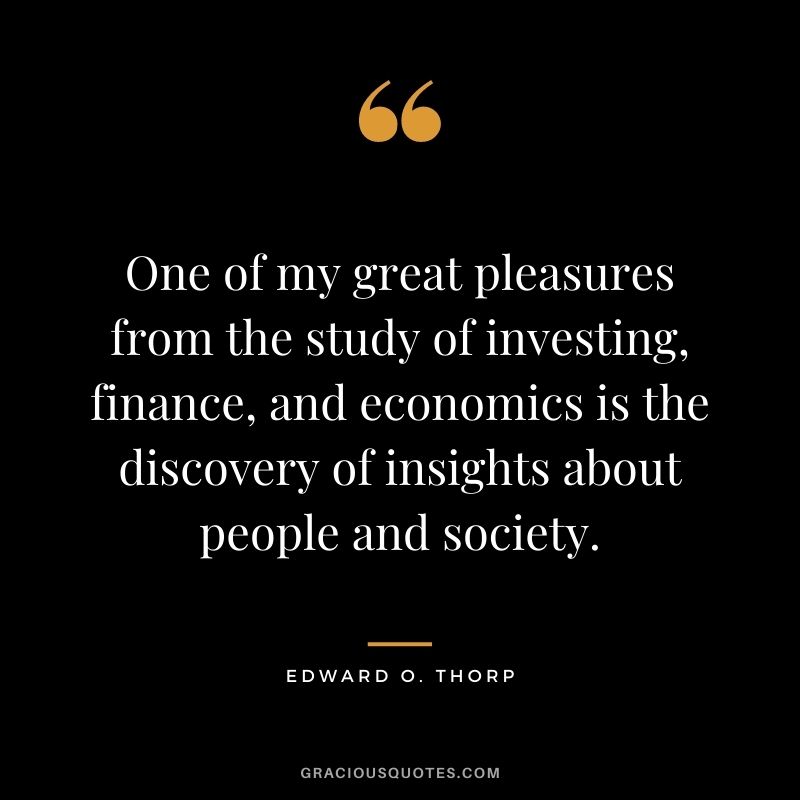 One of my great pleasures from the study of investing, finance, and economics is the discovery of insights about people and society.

--

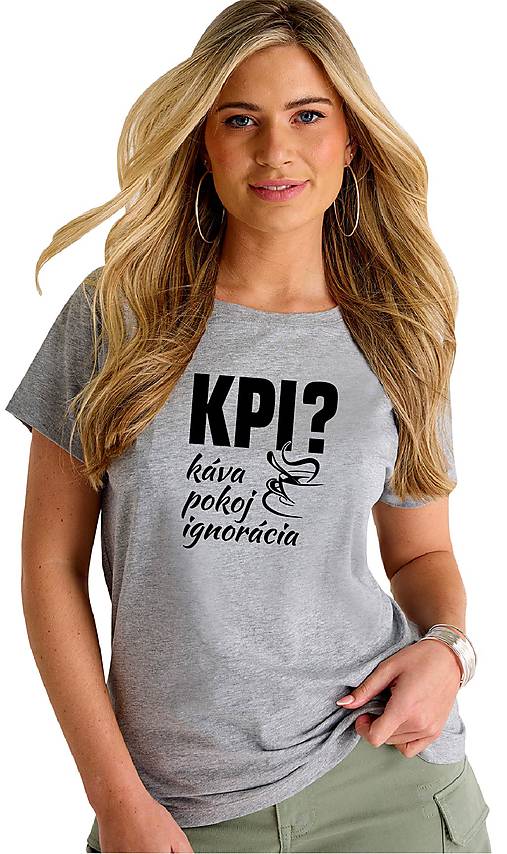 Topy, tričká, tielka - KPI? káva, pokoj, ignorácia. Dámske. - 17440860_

==

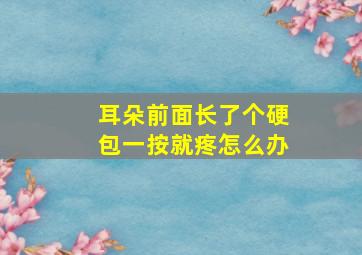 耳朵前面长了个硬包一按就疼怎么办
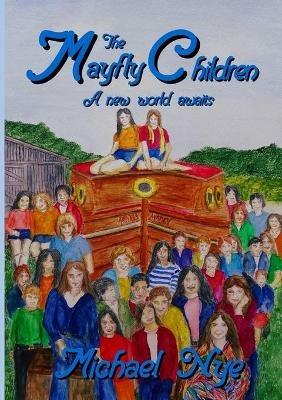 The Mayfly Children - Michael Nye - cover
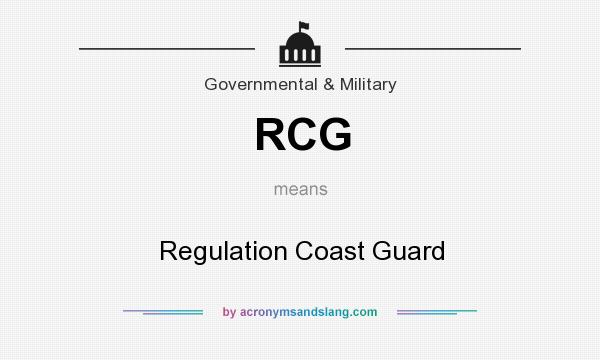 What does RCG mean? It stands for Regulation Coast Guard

Assigned task
Only one stretch of the data is wanted: write out exactly the lines from the one holding "耳朵前面长了个硬包一按就疼怎么办" through the one holding "What does RCG", both included, without the pictures.

Written response
 耳朵前面长了个硬包一按就疼怎么办
 The Mayfly Children - Michael Nye - cover
 What does RCG mean? It stands for Regulation Coast Guard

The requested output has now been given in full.